- _Exercise directions_: Determine how many lines of the entries include the word "bedroom", and report that number with no further text.

Data entries:
################

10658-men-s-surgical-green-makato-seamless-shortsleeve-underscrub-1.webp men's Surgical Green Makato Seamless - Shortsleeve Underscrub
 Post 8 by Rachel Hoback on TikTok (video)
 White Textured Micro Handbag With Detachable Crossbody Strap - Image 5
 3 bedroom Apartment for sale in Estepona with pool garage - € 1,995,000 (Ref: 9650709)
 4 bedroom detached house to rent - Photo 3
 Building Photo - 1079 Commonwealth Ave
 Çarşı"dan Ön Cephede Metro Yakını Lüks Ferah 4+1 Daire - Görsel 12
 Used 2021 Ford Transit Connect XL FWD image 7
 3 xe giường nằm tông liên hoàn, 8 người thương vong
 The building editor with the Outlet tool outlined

################

- _Task output_: 2